=== RECORDS FOR THE TASK ===

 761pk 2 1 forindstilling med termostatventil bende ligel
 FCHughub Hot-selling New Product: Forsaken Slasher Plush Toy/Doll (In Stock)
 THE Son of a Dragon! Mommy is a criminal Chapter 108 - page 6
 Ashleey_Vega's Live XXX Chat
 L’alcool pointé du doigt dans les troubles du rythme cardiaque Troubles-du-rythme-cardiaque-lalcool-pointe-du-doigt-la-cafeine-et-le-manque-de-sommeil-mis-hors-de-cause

...

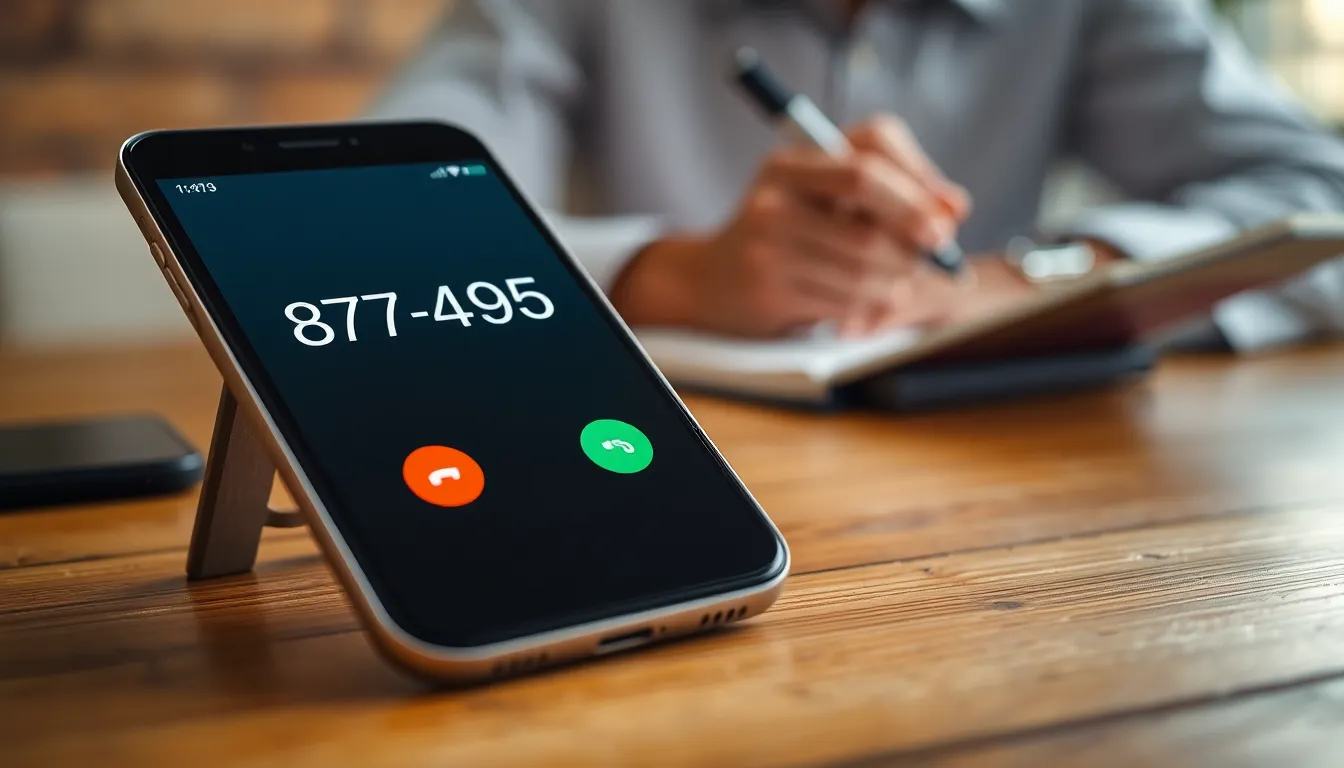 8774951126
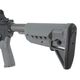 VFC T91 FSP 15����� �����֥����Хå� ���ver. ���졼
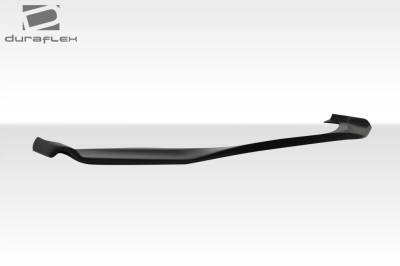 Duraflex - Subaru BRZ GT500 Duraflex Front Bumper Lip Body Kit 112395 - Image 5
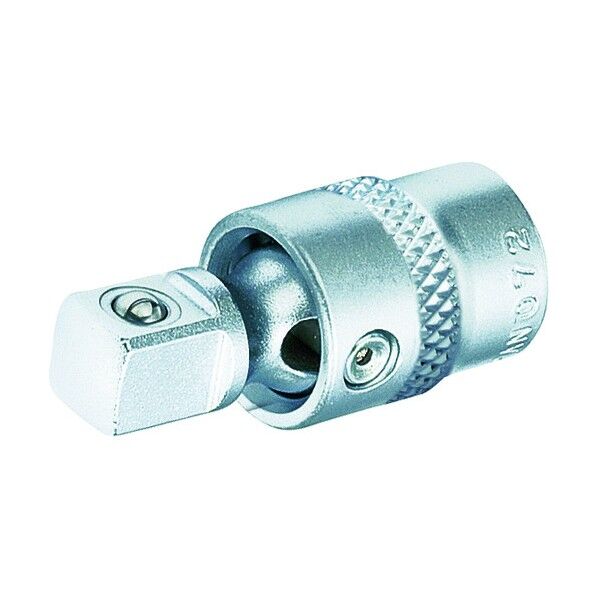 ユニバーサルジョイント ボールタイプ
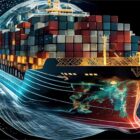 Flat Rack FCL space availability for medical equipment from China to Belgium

=== THE PROBLEM ===
Copy out the range of lines above starting at the line with "761pk 2 1 forindstilling" and ending at the line with "L’alcool pointé du", exactly and including both.

=== ANSWER ===
 761pk 2 1 forindstilling med termostatventil bende ligel
 FCHughub Hot-selling New Product: Forsaken Slasher Plush Toy/Doll (In Stock)
 THE Son of a Dragon! Mommy is a criminal Chapter 108 - page 6
 Ashleey_Vega's Live XXX Chat
 L’alcool pointé du doigt dans les troubles du rythme cardiaque Troubles-du-rythme-cardiaque-lalcool-pointe-du-doigt-la-cafeine-et-le-manque-de-sommeil-mis-hors-de-cause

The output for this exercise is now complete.